2013-02-10 | その他先史文明

引き続き、梅原猛・安田喜憲氏共著の「長江文明の探求」を紹介します。

今度は安田喜憲氏という環境考古学者の文章です。

リンクは張っておりませんが、アマゾンなどでご購入になれます。


               *****


              (引用ここから)


最古の稲作儀礼

城頭山遺跡の城内に設けられた水田と祭壇は、稲作の豊穣を祈る農耕儀礼と深く関わっているとみなされる。

当然本来の生産用の水田は城外にあり、この城内の水田は何らかの儀礼用であったとみなされる。

しかも大量の稲モミのプラントオパールが検出されたことから、稲モミに関わる祭祀が行われていたのではないかとみなされる。

その儀礼は、現在の日本各地に残る稲モミや稲穂に関わる祭祀から推定すれば、翌年の種モミを収穫し、分配する儀礼であった可能性が高い。


牛の下あご骨が、人骨と同時に埋葬されていること、

サイの骨には焼けた跡があること、

また日本の弥生時代においても聖獣とみなされた鹿の仲間が人骨の上部から発見されることなどから、

これらの動物は稲作農耕儀礼に捧げられた生贄ではなかったかとみなされる。


またサイの骨と一緒に大量の炭化米も発見されたことから、動物の霊力とともに稲魂を送るという、

今日において雲南省や日本各地の民族事例で見られるような、稲魂の儀礼の原初的なものが行われていたのではないかとみなされる。

「播磨国風土記」などには、生きた鹿の血を稲の種モミにかけて豊穣を祈ることが書かれ、さらに東南アジアやインドにおいては、現在においてもこうした稲作儀礼は広く認められている。
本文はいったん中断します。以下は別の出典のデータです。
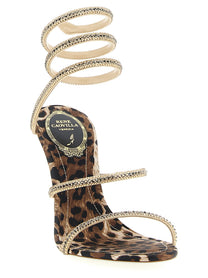 Rene Caovilla Cleo Leopard Sandals Gold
今回発見された城頭山遺跡の断層はそうした最古の稲作の血の儀礼を行った祭壇ではなかったかとみなされる。

稲の種籾に鹿類や牛類の血を塗ったり、あるいは血に漬けたりすることによって、豊穣を祈り、稲魂を送ったのではあるまいか。

人と牛やキバノロ(鹿の一種」を一緒に埋葬して豊穣を祈ったのではあるまいか。


これまでこうした血の儀礼の起源は東南アジアとみなされていたが、やはり最古の稲作の起源地である長江中流域において、すでに6000年以上前から存在していたのである。

さらにそれはまた日本の新嘗祭の原型にあたるものではないかとみなされ、日本文化の源流を考える上でも見過ごすことのできない画期的な発見である。


               (引用ここまで)

         
                 *****



wikipedia「大嘗祭」より

本祭の儀式

祭の当夜、天皇は廻立殿(かいりゅうでん)に渡御し、小忌御湯(おみのおゆ)で潔斎して斎服を着け、深夜、悠紀殿(ゆきでん:千木は伊勢神宮外宮と同じ外削ぎ)に入る。

悠紀殿には、南枕に布団(衾)が敷いてあり、沓と沓を載せる台も布団の北隣に置いてある。布団に置いてある枕の名は坂枕(さかまくら:逆枕の意味か?)という。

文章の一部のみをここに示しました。